YOUR OBJECTIVE: Repeat word for word the lines starting at the one with "Casa Doma Orsova Otel Dış mekan fotoğraf" and ending at the final line of the material, both ends included; omit pictures.

(ENTRIES SHOWN)

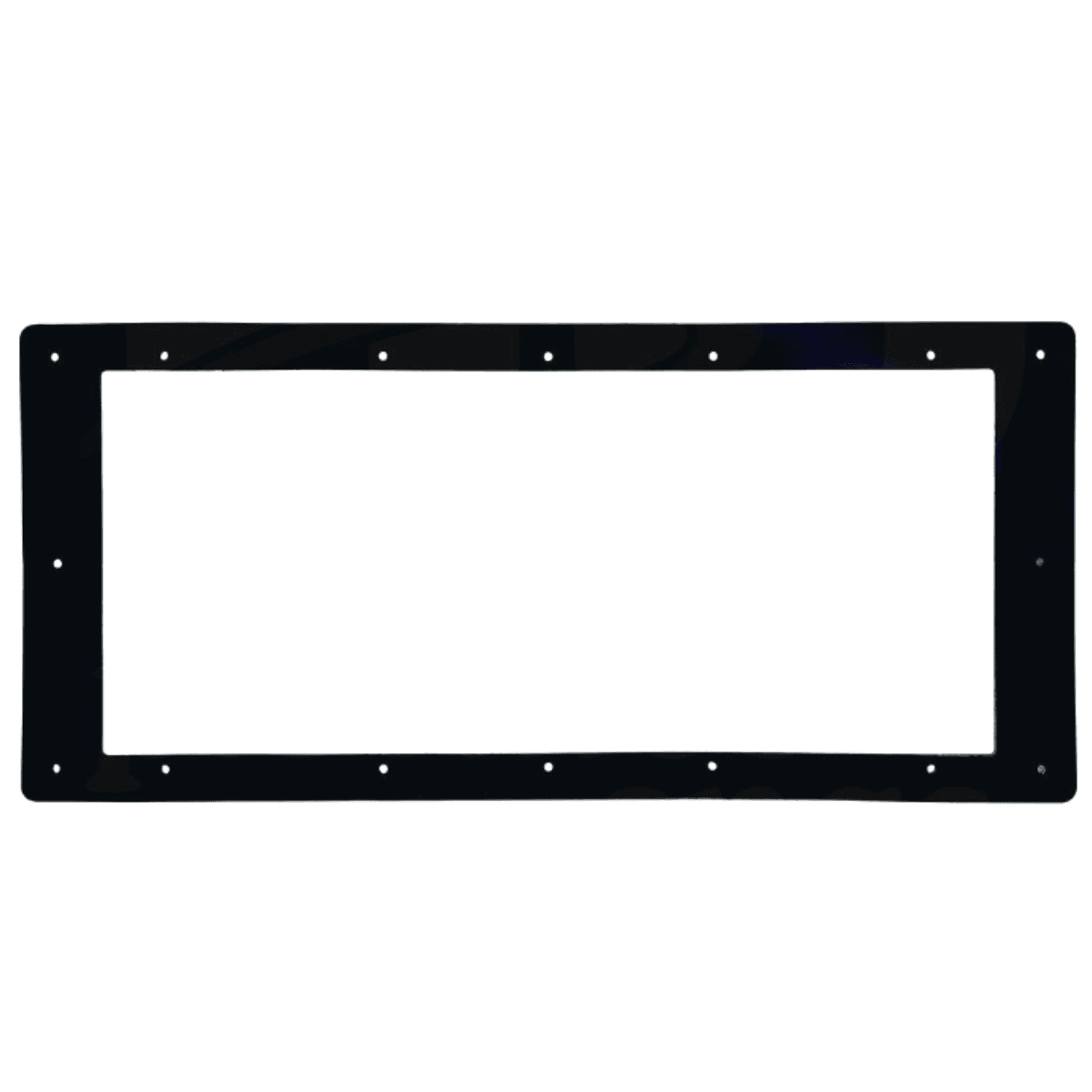 Guarnizione ricambio per skimmer hd100 Certikin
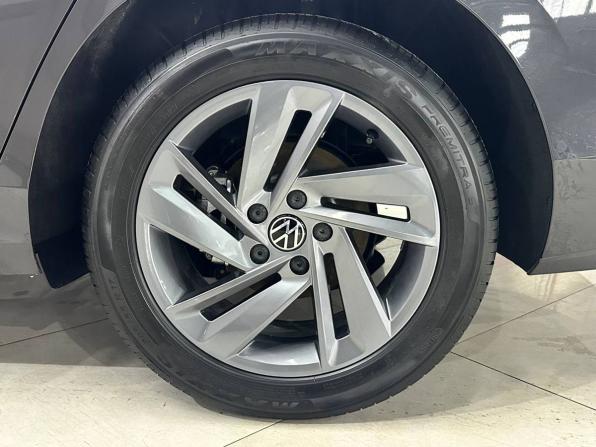 Новый Volkswagen Lamando II 2025 года, цена 3 299 000 рублей, лифтбек, Автокод Объявления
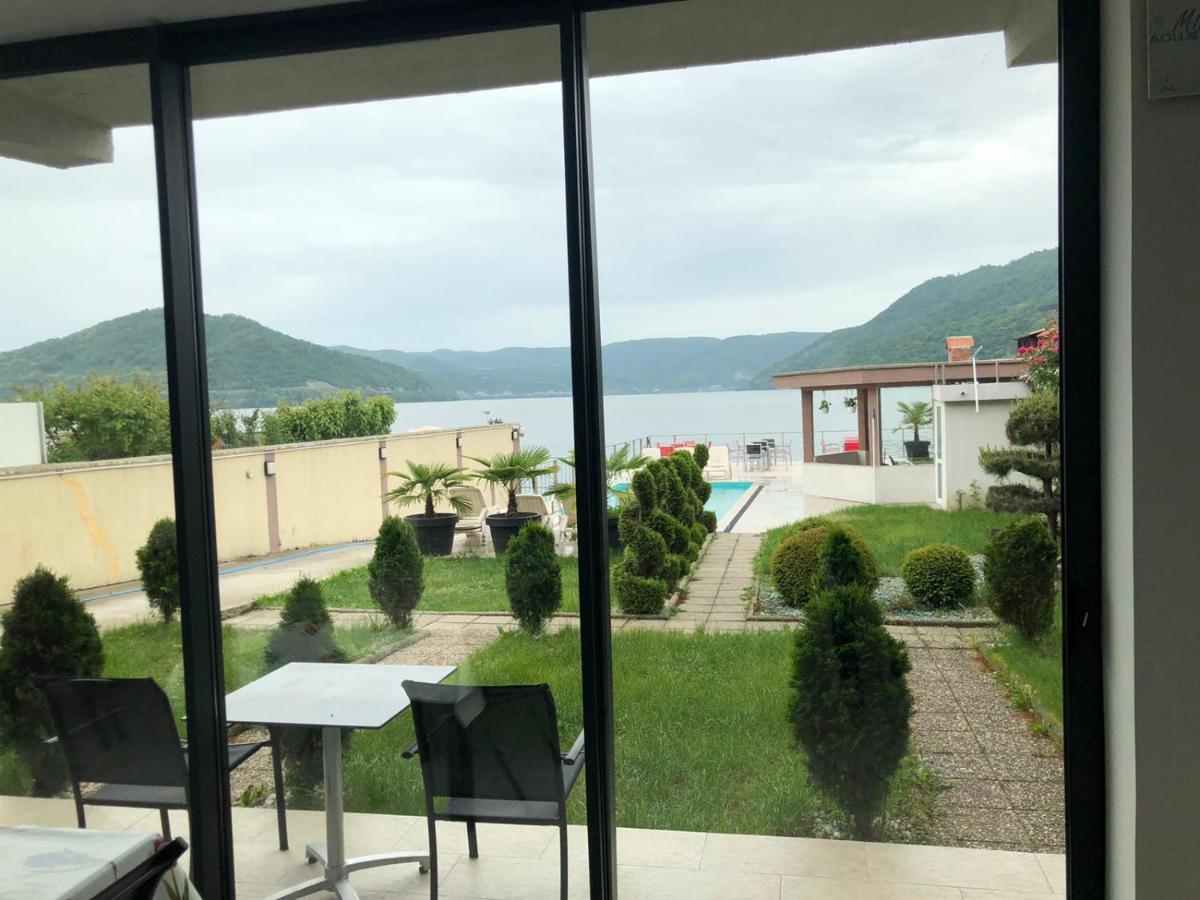 Casa Doma Orsova Otel Dış mekan fotoğraf
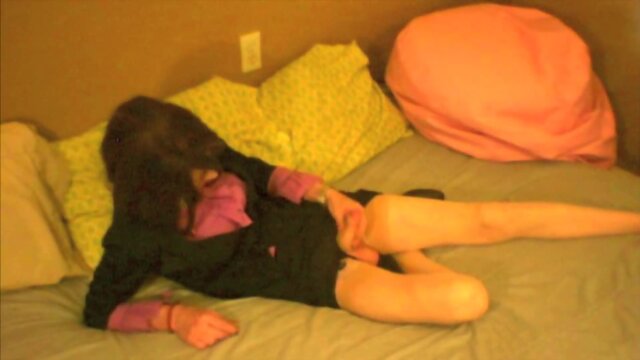 Sissy Secretary Self Satisfaction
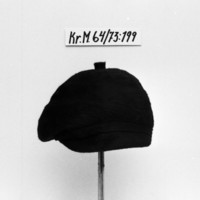 KrM 64/73 199 - Hatt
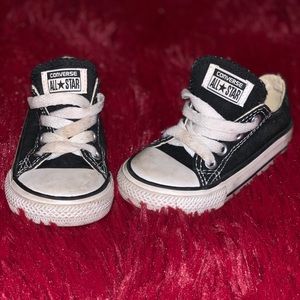 Unisex children’s converse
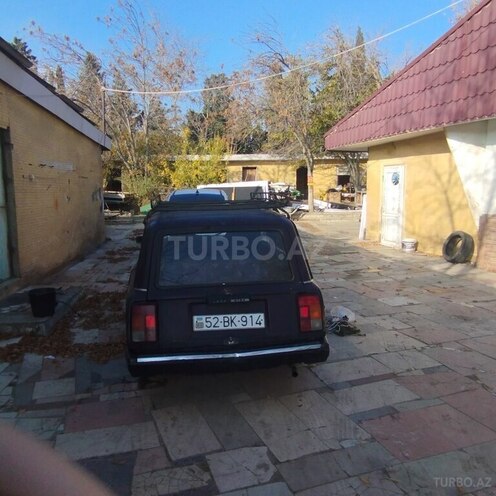 LADA (VAZ) 2104 2002, 99,019 km - 1.5 л - Bakı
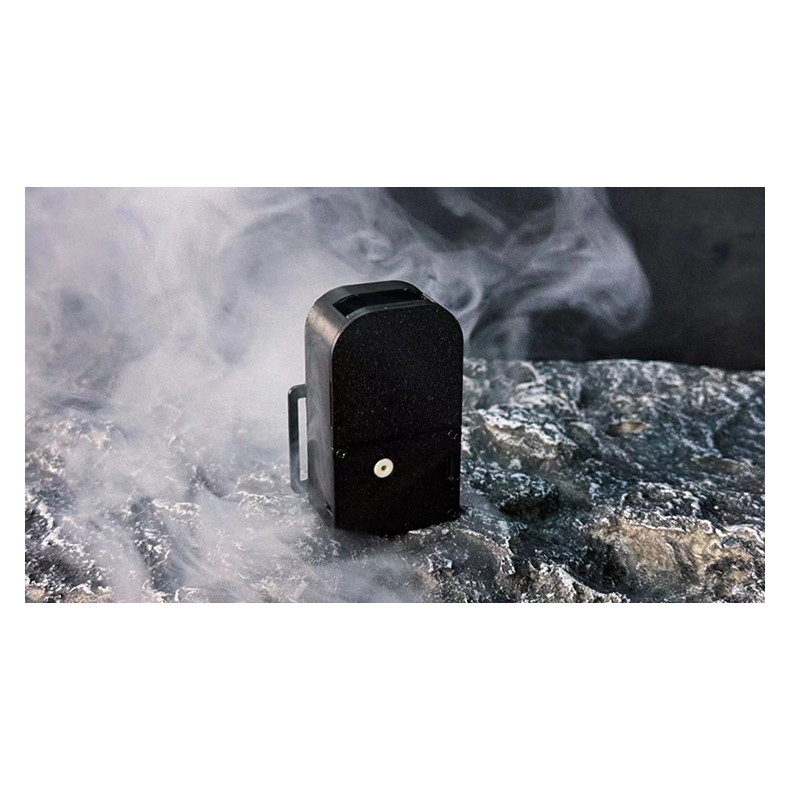 X Force by Kingsley Xu and Bond Lee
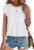 XIEERDUO Womens Tops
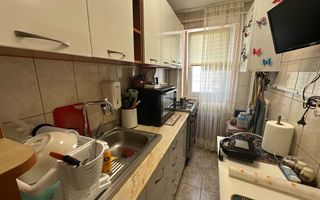 3 Camere 🏢 | Veteranilor 📍 | Etaj intermediar ⬆️ | Centrala 🔥 - Poză 13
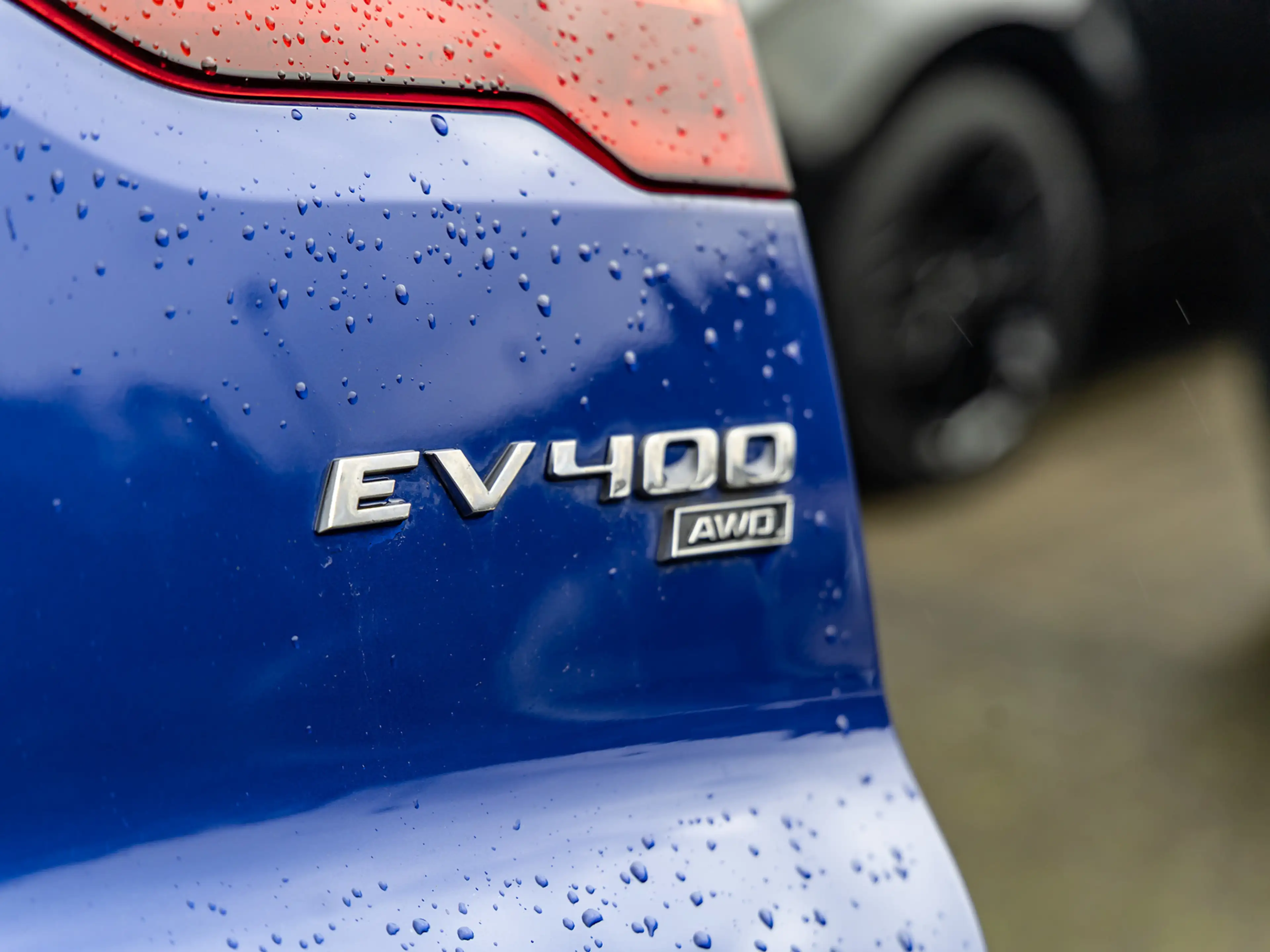 Jaguar I-Pace S EV400 NAVI STANDHEIZUNG SHZ PDC KLIMA — photo 11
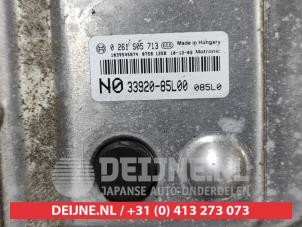 Suzuki Splash Slotenset Cilinder (compleet) O502921 foto 2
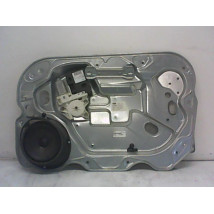 MECANISME LEVE-GLACE AVANT DROIT FORD FOCUS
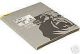Mirka 230x280mm 1200 Grit Wet & Dry Sand Paper Sheets - Pack 50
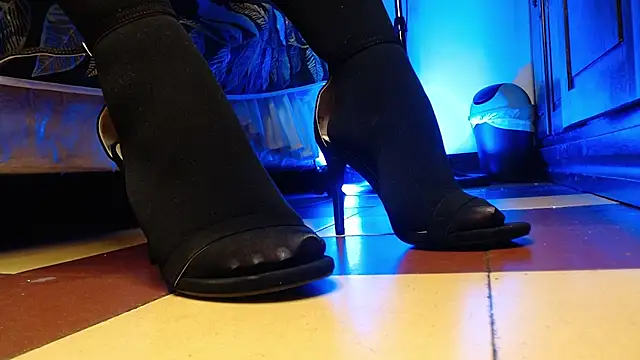 aleya bliss online show from 27, 2, 2026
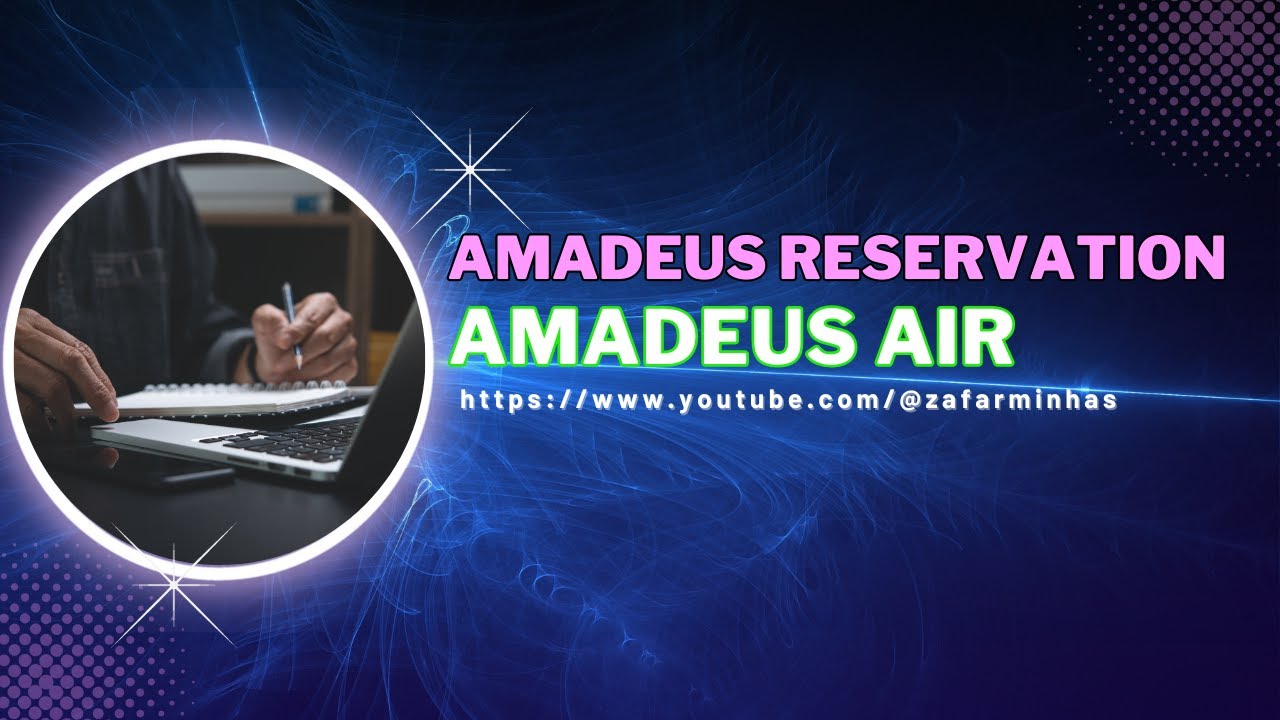 Master Amadeus Air – Availability, Schedule, and Timetable Made Easy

(End ENTRIES SHOWN)

RESULT FOR THIS TASK:
 Casa Doma Orsova Otel Dış mekan fotoğraf
 Sissy Secretary Self Satisfaction
 KrM 64/73 199 - Hatt
 Unisex children’s converse
 LADA (VAZ) 2104 2002, 99,019 km - 1.5 л - Bakı
 X Force by Kingsley Xu and Bond Lee
 XIEERDUO Womens Tops
 3 Camere 🏢 | Veteranilor 📍 | Etaj intermediar ⬆️ | Centrala 🔥 - Poză 13
 Jaguar I-Pace S EV400 NAVI STANDHEIZUNG SHZ PDC KLIMA — photo 11
 Suzuki Splash Slotenset Cilinder (compleet) O502921 foto 2
 MECANISME LEVE-GLACE AVANT DROIT FORD FOCUS
Mirka 230x280mm 1200 Grit Wet & Dry Sand Paper Sheets - Pack 50
 aleya bliss online show from 27, 2, 2026
 Master Amadeus Air – Availability, Schedule, and Timetable Made Easy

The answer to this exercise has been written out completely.